Once the line with "(茅亭什么意思解释)，茅亭的意思" has been located in the records below, set down that line and all subsequent lines exactly, omitting the pictures.

★ ★ ★ ★ ★

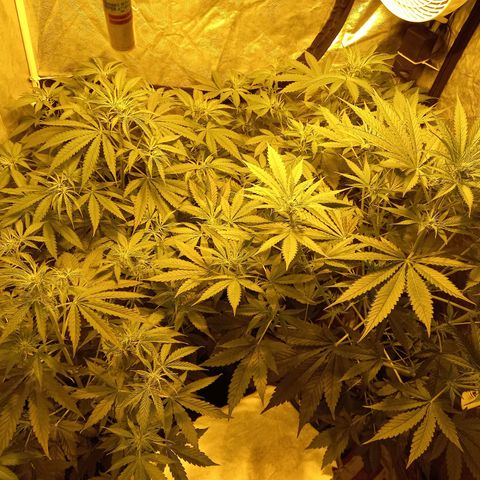 Génétique inconnue growlog timeline photo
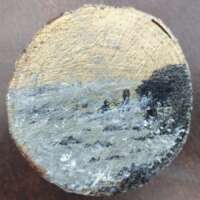 Caithness Cliffs thumbnail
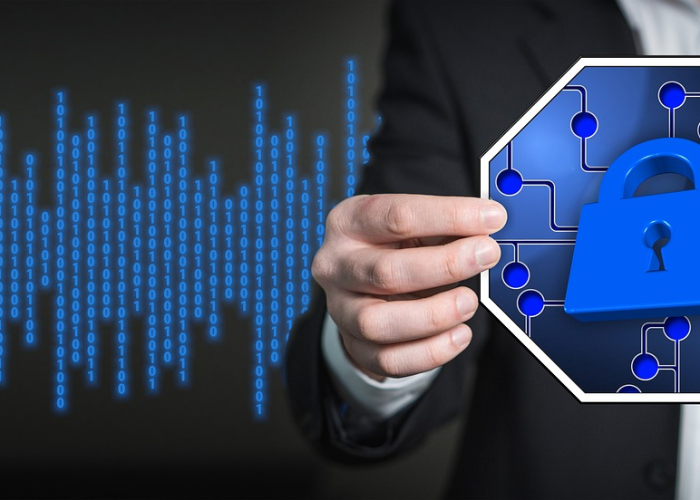 (茅亭什么意思解释)，茅亭的意思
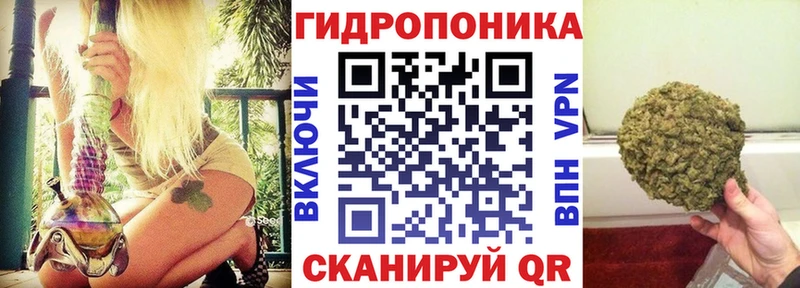 Купить закладки  Карабулак  Бошки Шишки SATIVA & INDICA 
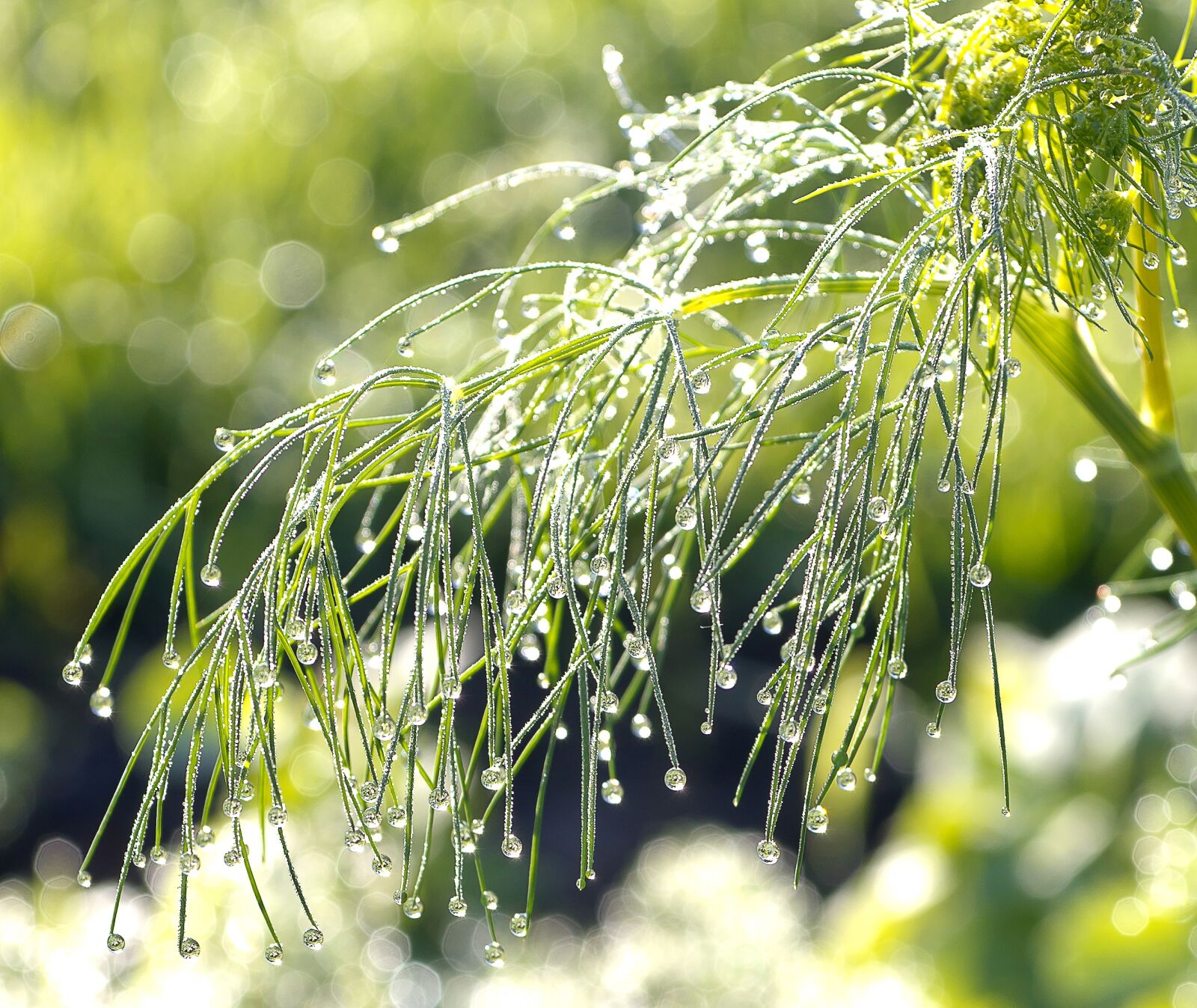 Sony Alpha DSLR-A850 sample photo. Rosa, dill, morning photography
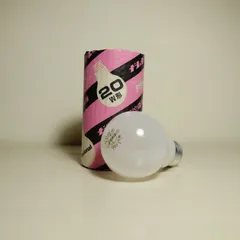 National silica-coated Incandescent Bulb 100V 19W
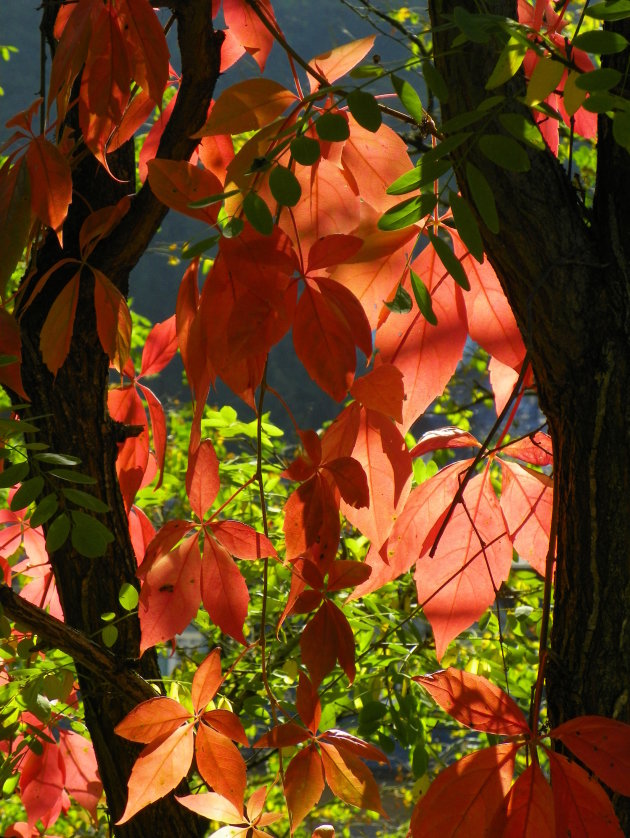 Herfst in Luxemburg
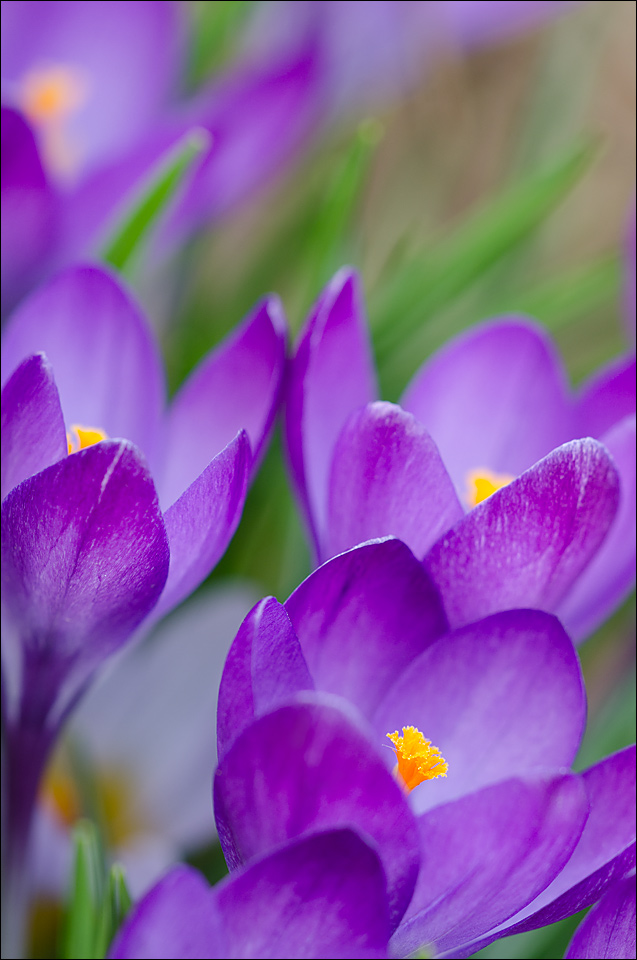 Crocus 6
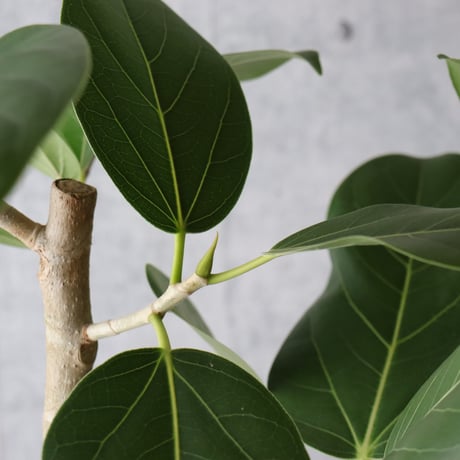 【ユニーク◎124cm】 フィカス ベンガレンシス 朴もの 観葉植物 室内 大型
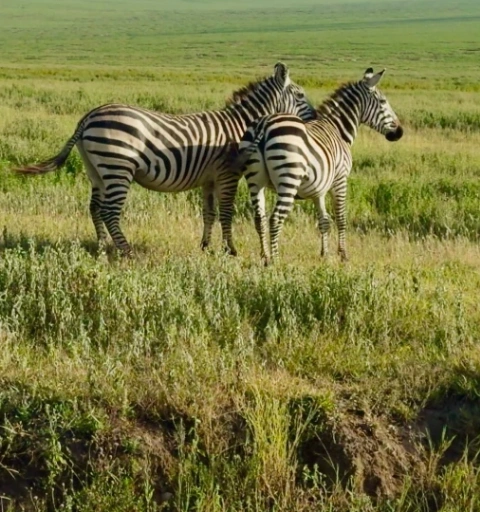 Ngorongoro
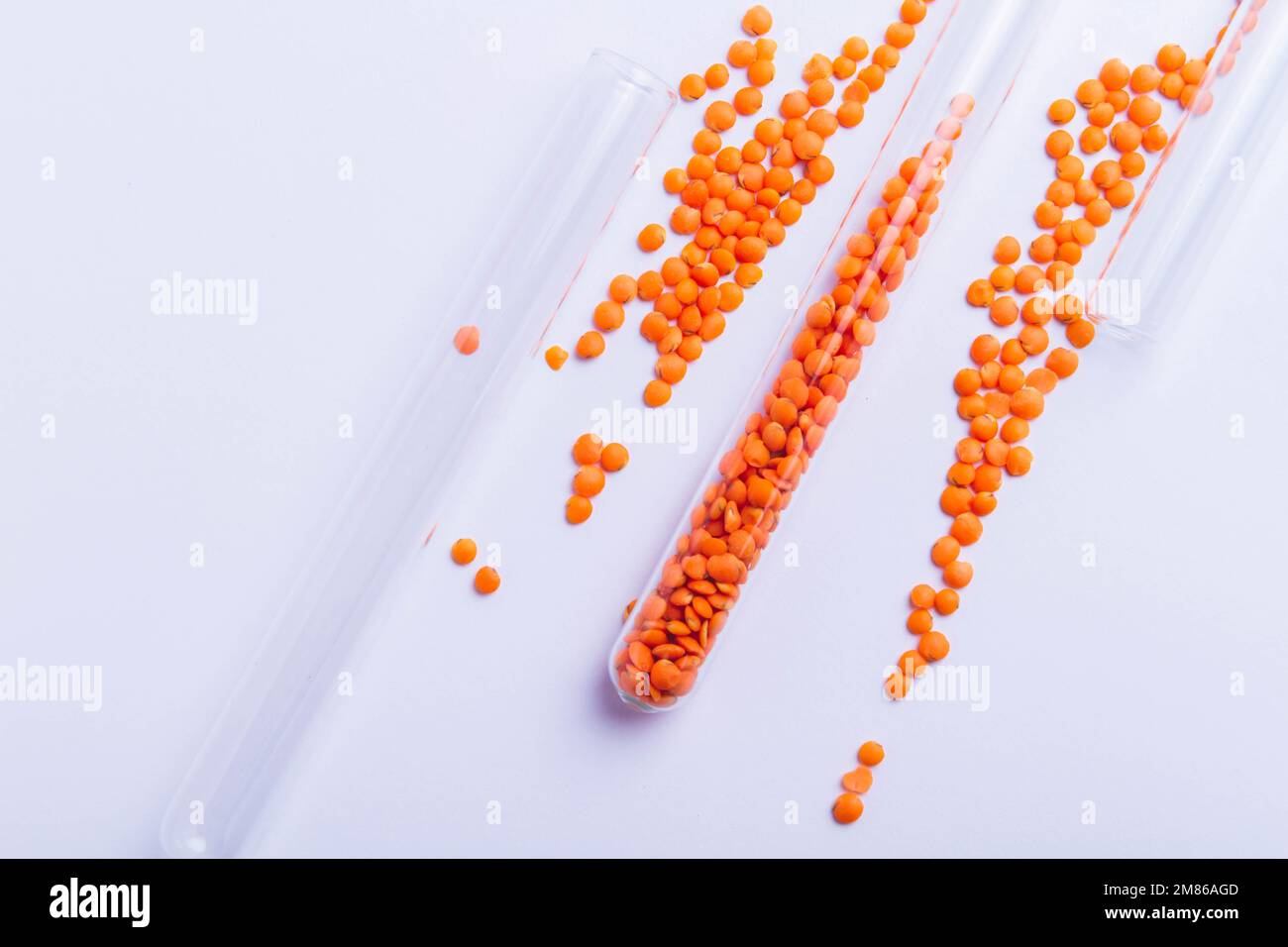 Germination of seeds in the laboratory. Selection and suitability test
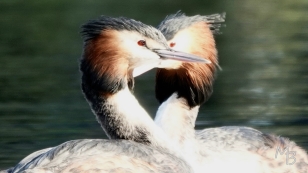 Marian Buurman - bij elkaar; Fuut  - 2026;04;03;maart;Fuut;vogel;vogels;paartje;verliefd;Jeannet;lingerzijde;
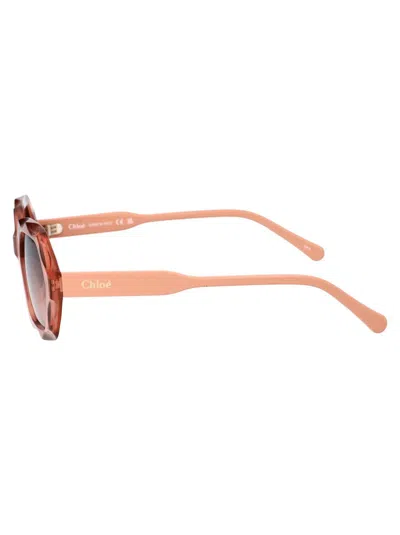 Chloé Ch0227s Sunglasses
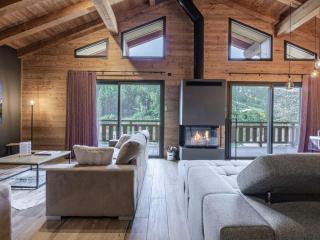 Magnifique chalet proche centre avec jardin, parking et Wi-Fi - FR-1-754-95 - 2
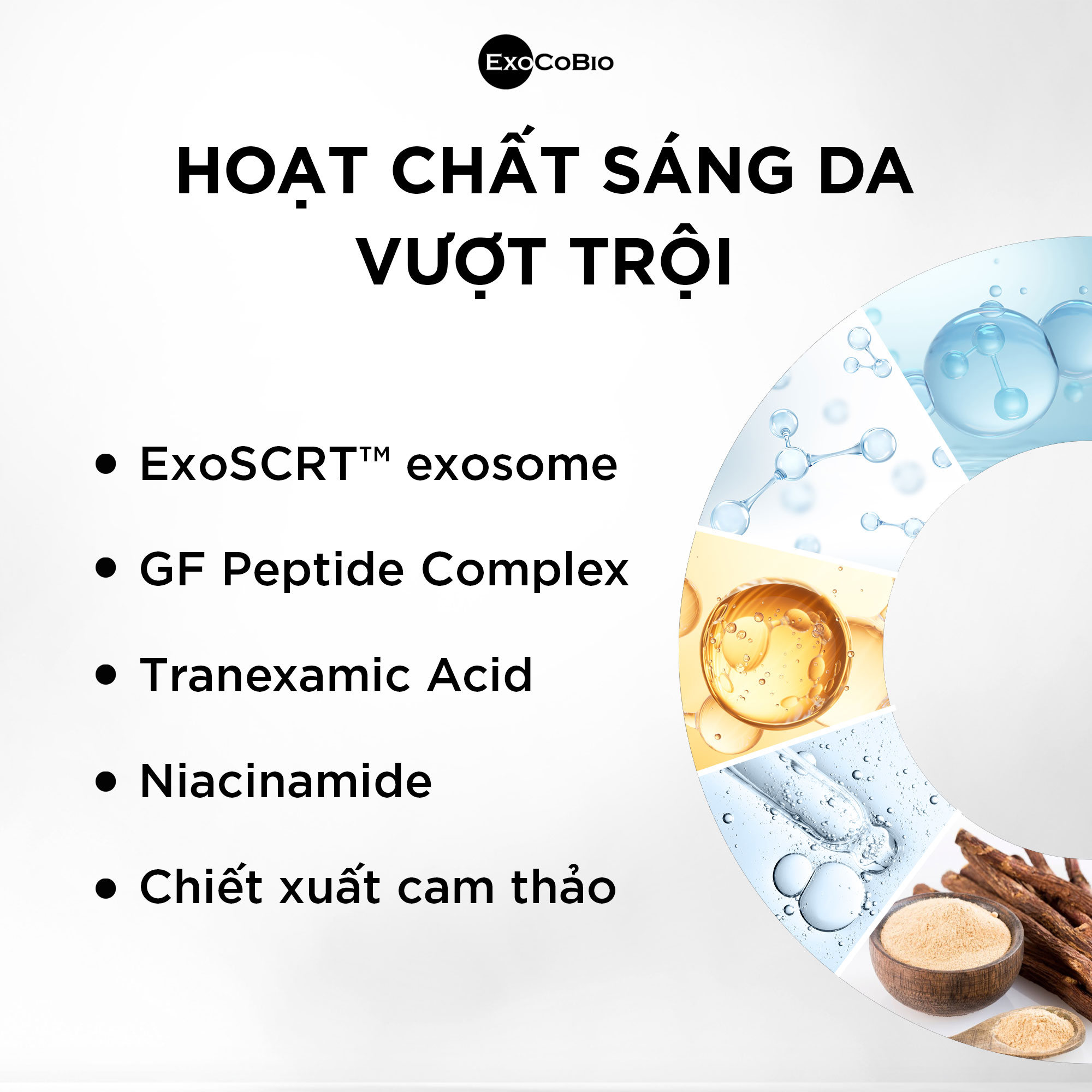 Set tinh chất Exocode Radiance - R cấy làm sáng da và điều trị nám (Set liệu trình 3 cặp) - Hình ảnh 3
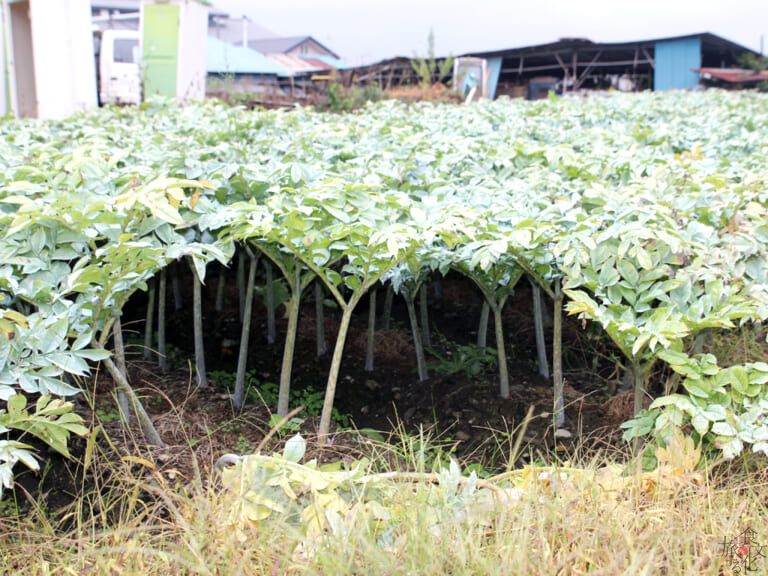 群馬はこんにゃく県 レバ刺しも再現 食文化を旅する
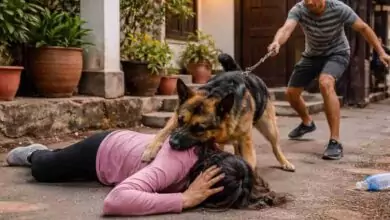 ಬೆಂಗಳೂರು ಎಚ್ಎಸ್ಆರ್ ಲೇಔಟ್ನಲ್ಲಿ ಶ್ವಾನ ದಾಳಿ; ಮಹಿಳೆಯ ಮುಖಕ್ಕೆ 50 ಹೊಲಿಗೆ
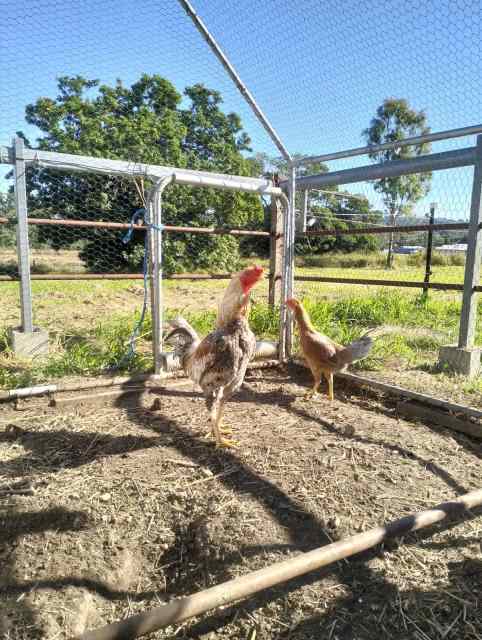 Quality Asil game birds and Old English Bantams | Livestock | Gumtree ...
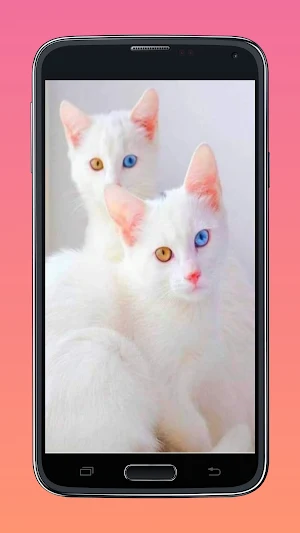 cute cat wallpaper Screenshot 3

★ ★ ★ ★ ★

Finished exercise ->
 (茅亭什么意思解释)，茅亭的意思
 Купить закладки  Карабулак  Бошки Шишки SATIVA & INDICA 
 Sony Alpha DSLR-A850 sample photo. Rosa, dill, morning photography
 National silica-coated Incandescent Bulb 100V 19W
 Herfst in Luxemburg
 Crocus 6
 【ユニーク◎124cm】 フィカス ベンガレンシス 朴もの 観葉植物 室内 大型
 Ngorongoro
 Germination of seeds in the laboratory. Selection and suitability test
 Marian Buurman - bij elkaar; Fuut  - 2026;04;03;maart;Fuut;vogel;vogels;paartje;verliefd;Jeannet;lingerzijde;
 Chloé Ch0227s Sunglasses
 Magnifique chalet proche centre avec jardin, parking et Wi-Fi - FR-1-754-95 - 2
 Set tinh chất Exocode Radiance - R cấy làm sáng da và điều trị nám (Set liệu trình 3 cặp) - Hình ảnh 3
 群馬はこんにゃく県 レバ刺しも再現 食文化を旅する
 ಬೆಂಗಳೂರು ಎಚ್ಎಸ್ಆರ್ ಲೇಔಟ್ನಲ್ಲಿ ಶ್ವಾನ ದಾಳಿ; ಮಹಿಳೆಯ ಮುಖಕ್ಕೆ 50 ಹೊಲಿಗೆ
 Quality Asil game birds and Old English Bantams | Livestock | Gumtree ...
 cute cat wallpaper Screenshot 3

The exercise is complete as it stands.